What is needed | Restate all of the following data exactly, keeping any images out of the copy.

Short web captions |
-------

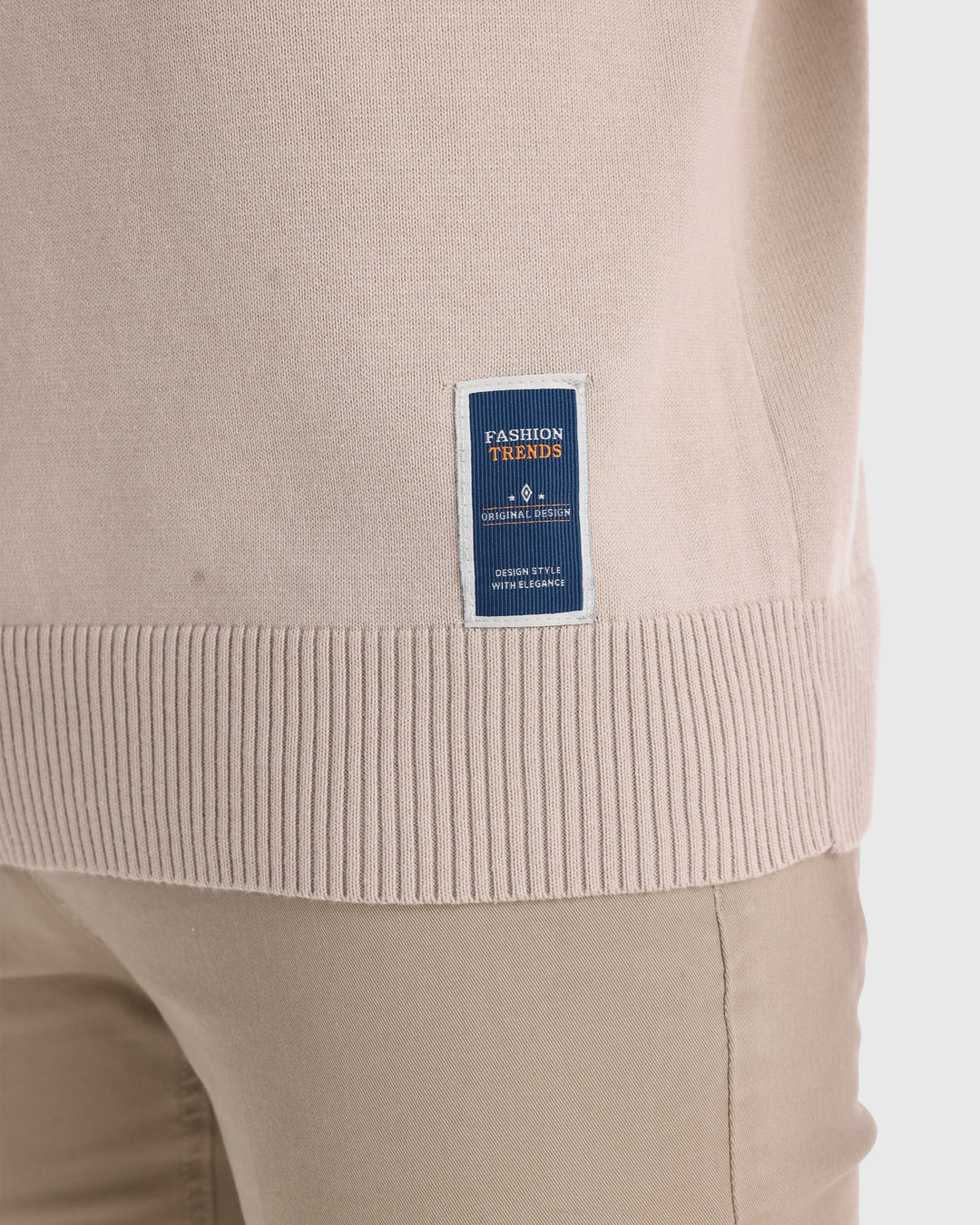 Lightweight men's V-neck sweater in a ribbed cotton blend, suitable for all seasons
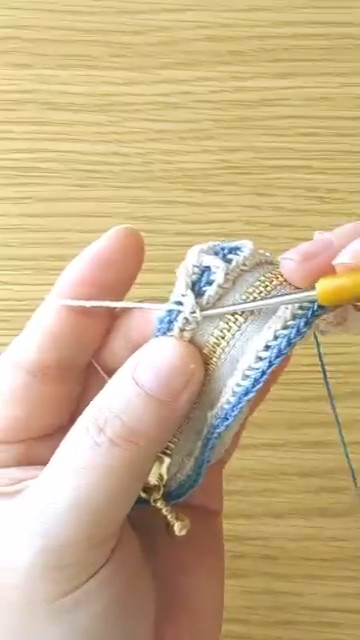 ベージュとグリーンでモザイク編み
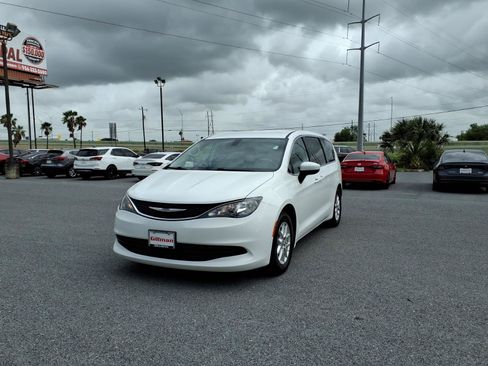 Used 2020 Chrysler Voyager LX FWD image 4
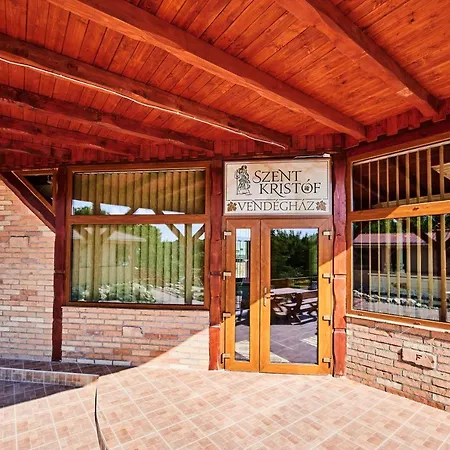 Szent Kristof Vendeghaz Guest house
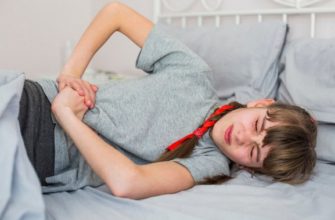 У девушки слепая кишка болит
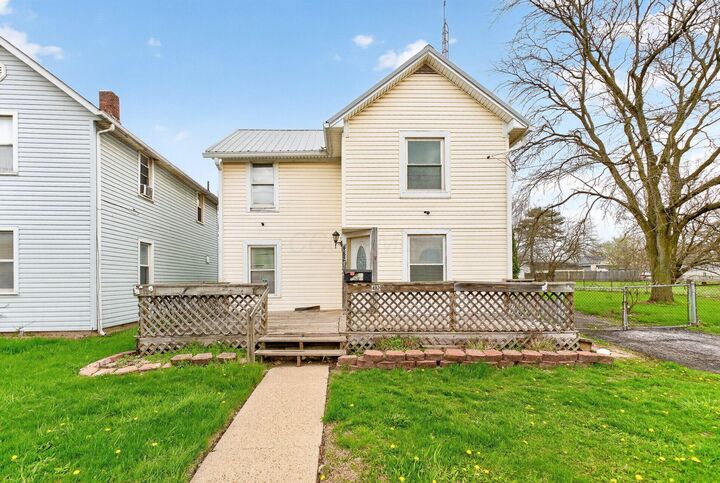 Property Photo:  482 E George Street  OH 43302 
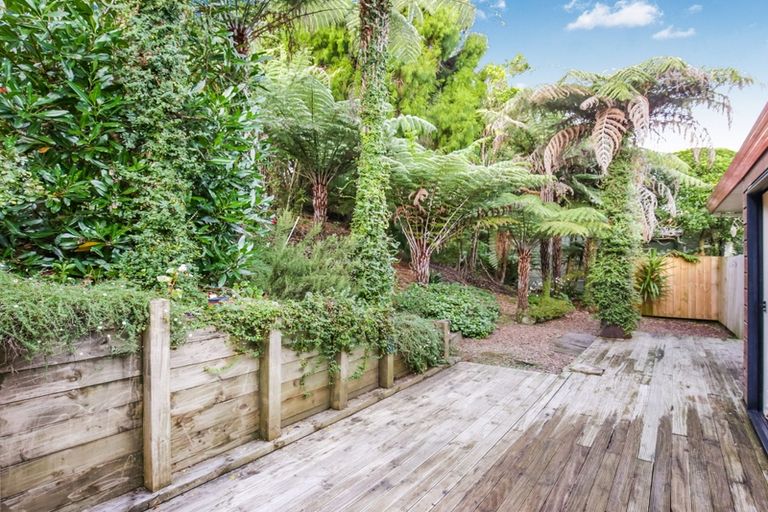 Photo of property in 22 Darcy Place, Massey, Auckland, 0614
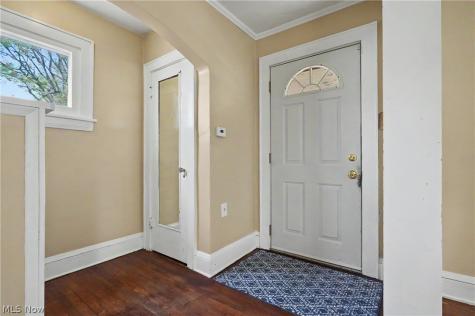 2782 Oakwood Drive Cuyahoga Falls OH 44221
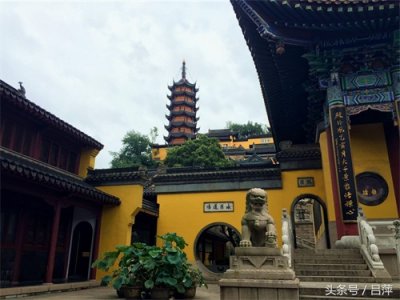 ​白素贞水漫镇江金山寺，为什么反倒被镇在杭州雷峰塔？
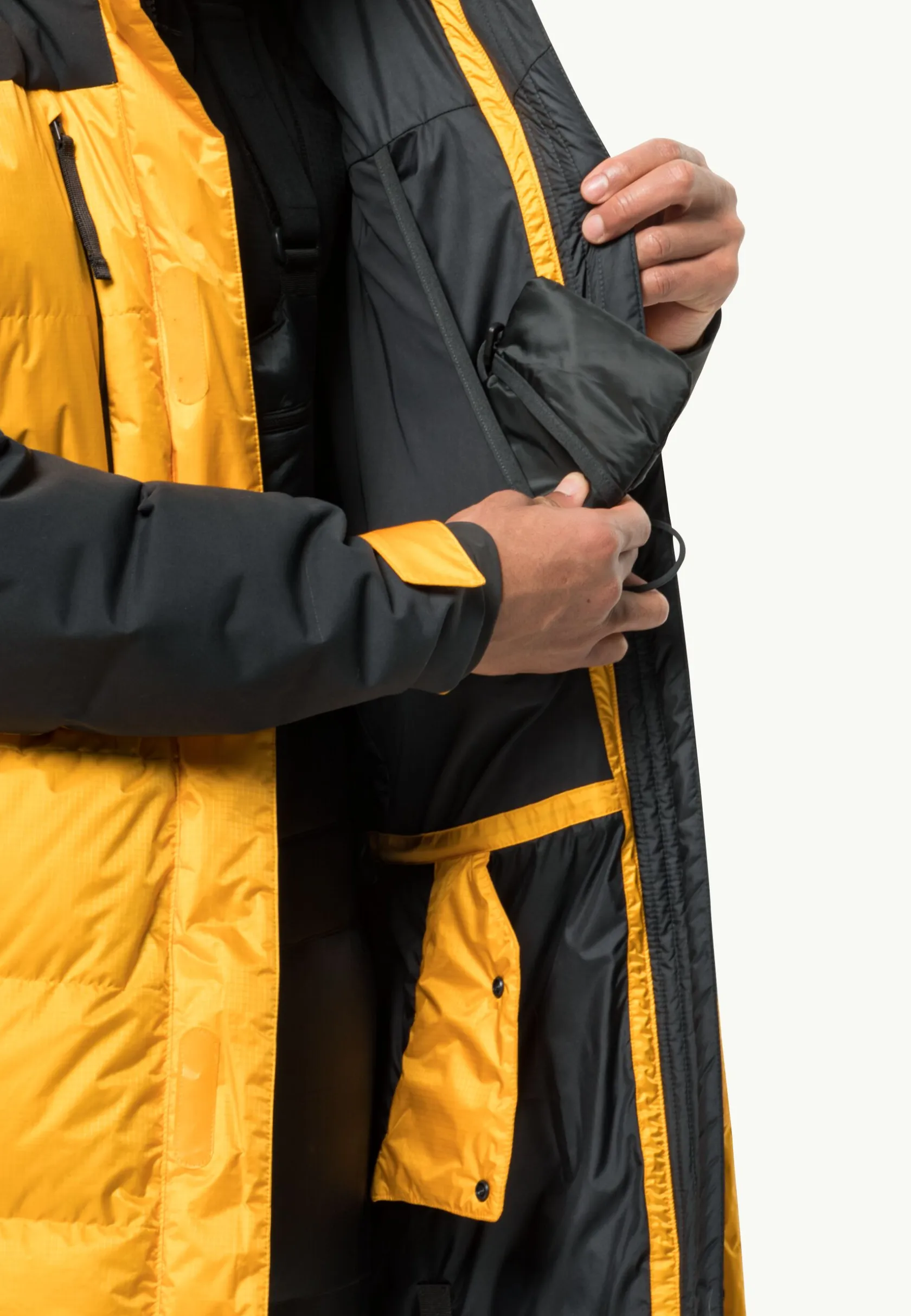 Discovery|Voor- En Najaarsjacks/-Jassen|Jack Wolfskin 1995 Series Cook Jkt M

-------

Written response |
 Lightweight men's V-neck sweater in a ribbed cotton blend, suitable for all seasons
 ベージュとグリーンでモザイク編み
 Used 2020 Chrysler Voyager LX FWD image 4
 Szent Kristof Vendeghaz Guest house
 У девушки слепая кишка болит
 Property Photo:  482 E George Street  OH 43302 
 Photo of property in 22 Darcy Place, Massey, Auckland, 0614
 2782 Oakwood Drive Cuyahoga Falls OH 44221
 ​白素贞水漫镇江金山寺，为什么反倒被镇在杭州雷峰塔？
 Discovery|Voor- En Najaarsjacks/-Jassen|Jack Wolfskin 1995 Series Cook Jkt M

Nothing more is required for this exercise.